Image-caption web data>
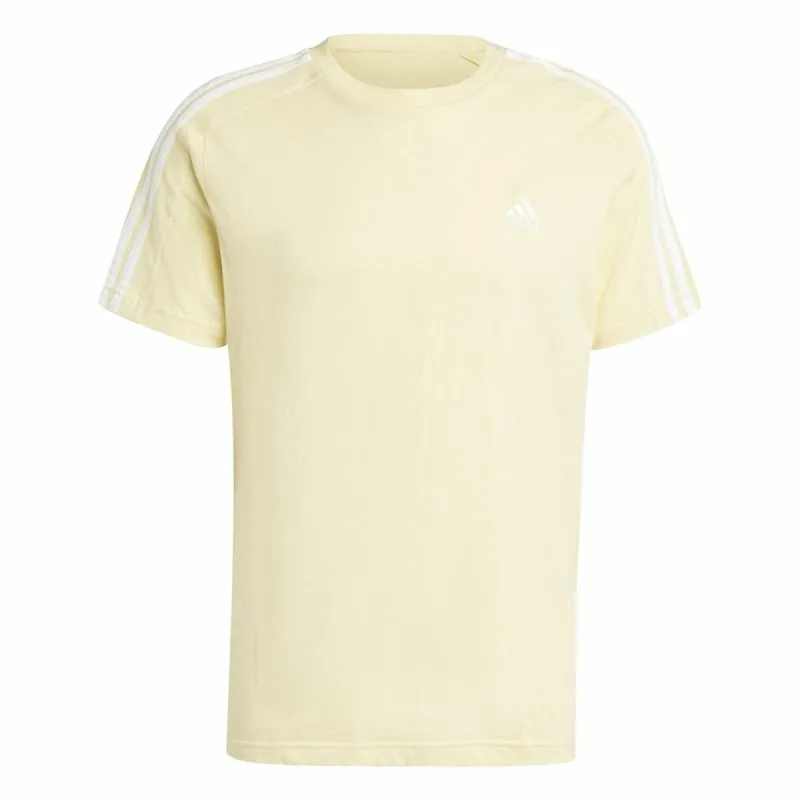Vīriešu Krekls ar Īsām Piedurknēm Adidas Essentials Single Jersey 3-Stripes Dzeltens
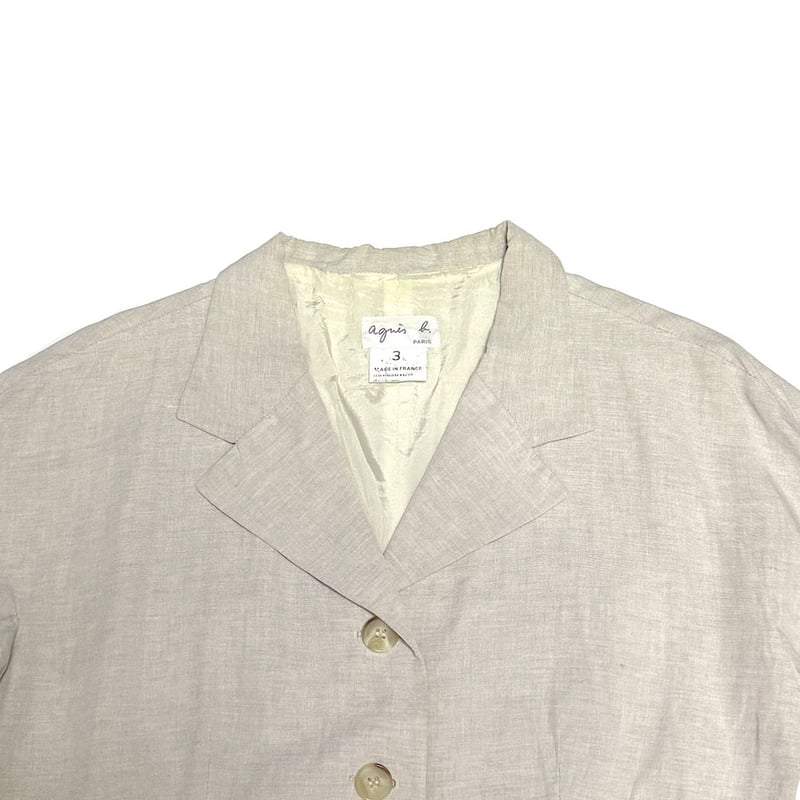 USED】90's agnès b. Seamless Shoulder Linen Ble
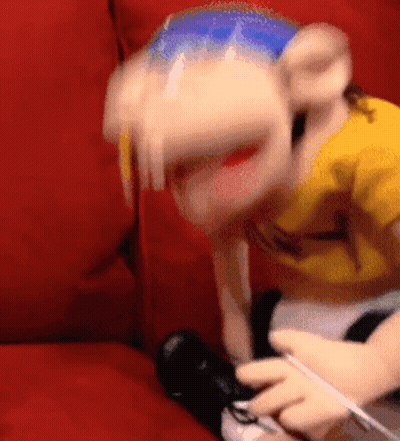 Mario And Jeff Puppet In Front Of McDonald's Happy Meals GIF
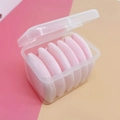 Set of pink round velvet makeup puffs in a clear plastic storage case with an open lid - 6-Piece Boxed / Pink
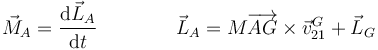 \vec{M}_A = \frac{\mathrm{d}\vec{L}_A}{\mathrm{d}t}\qquad\qquad \vec{L}_A=M\overrightarrow{AG}\times\vec{v}_{21}^G+\vec{L}_G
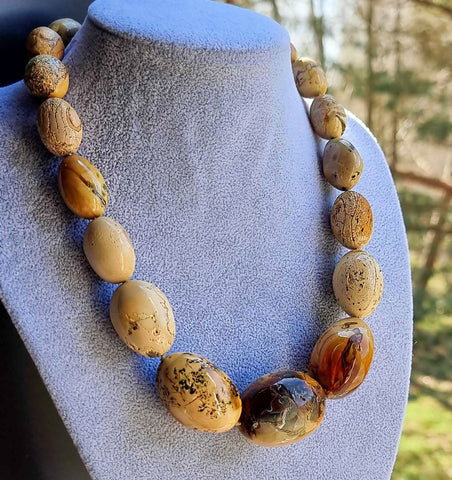 Milky Fossil Amber Free Shape Olive Beads Necklace Sterling Silver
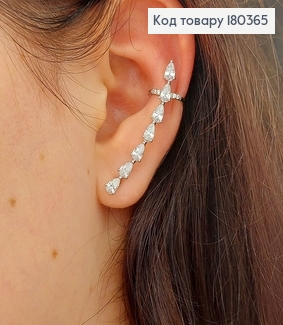 Серьги Кафы на хрящ с камнями медзолото Xuping 180365 фото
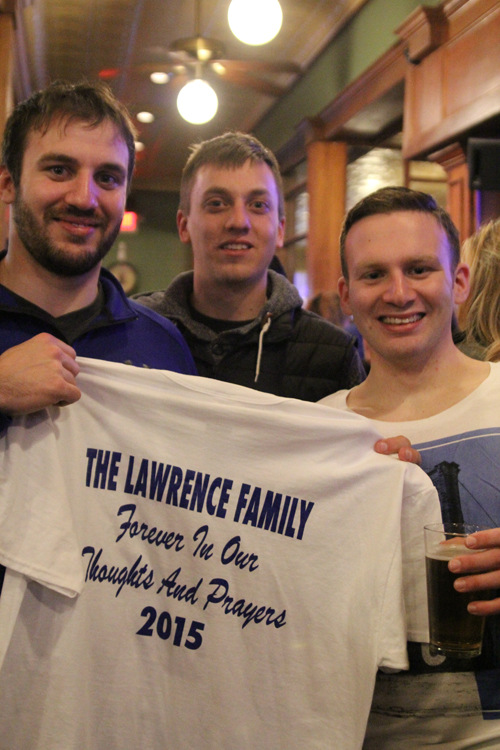 From left, Riverhead High School graduates Will Razzano, Kyle Zilonicki and John Razzano at Digger’s Ales N’ Eats on Thursday for a fundraiser to establish a scholarship in Danielle Lawrence’s memory. (Credit: Jen Nuzzo photos)
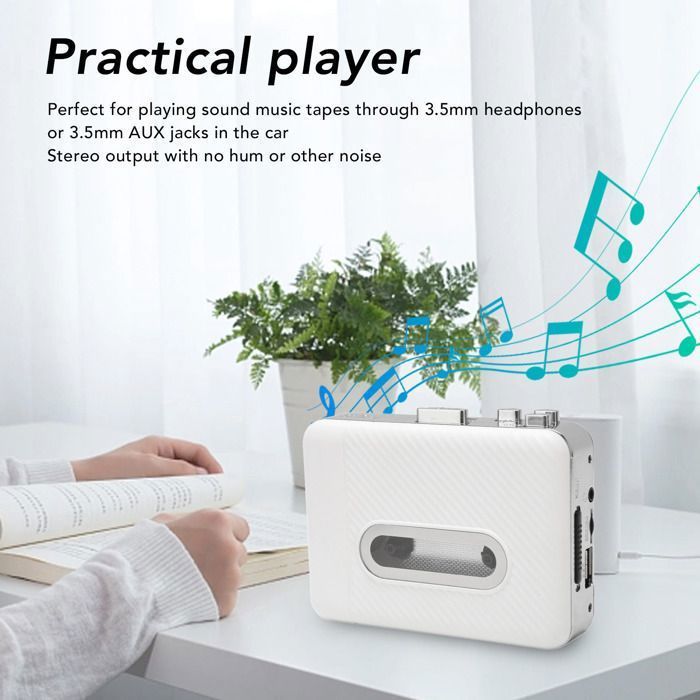 Reproductor de casetes - Retro - USB - Convertidor a MP3 - Portátil - Auriculares incluidos
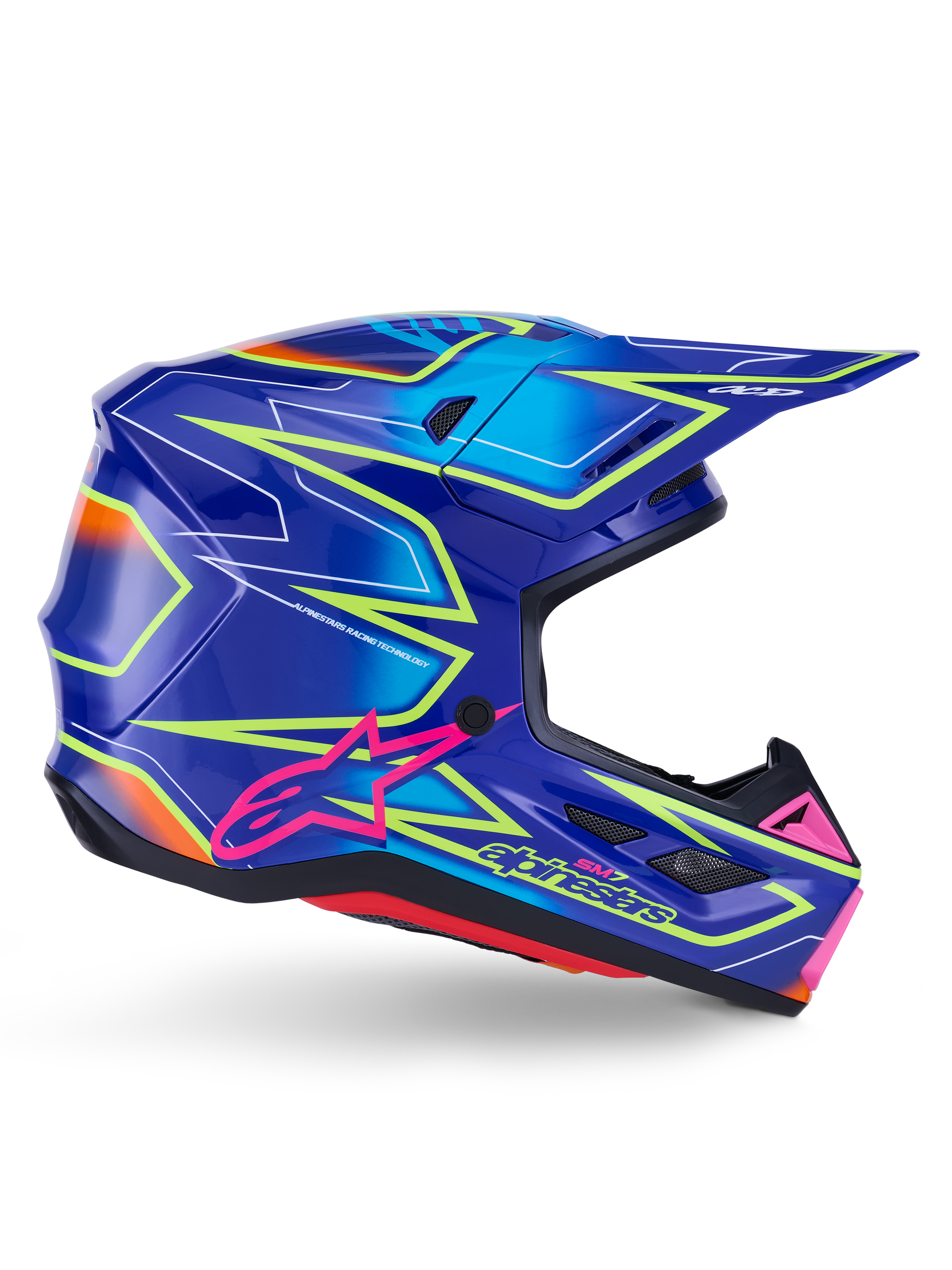 Alpinestars S-M7 Cast Helmet, Motocross Helmet, Blue Pink and Yellow Fluo Glossy, side profile view featuring bold geometric patterns, pink Alpinestars logo, and ventilated aerodynamic shell.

Required work>
Exactly the lines from the one containing "From left, Riverhead" through the last line of the data above should be output, both ends included, with every picture left out.

Answer to this exercise>
 From left, Riverhead High School graduates Will Razzano, Kyle Zilonicki and John Razzano at Digger’s Ales N’ Eats on Thursday for a fundraiser to establish a scholarship in Danielle Lawrence’s memory. (Credit: Jen Nuzzo photos)
 Reproductor de casetes - Retro - USB - Convertidor a MP3 - Portátil - Auriculares incluidos
 Alpinestars S-M7 Cast Helmet, Motocross Helmet, Blue Pink and Yellow Fluo Glossy, side profile view featuring bold geometric patterns, pink Alpinestars logo, and ventilated aerodynamic shell.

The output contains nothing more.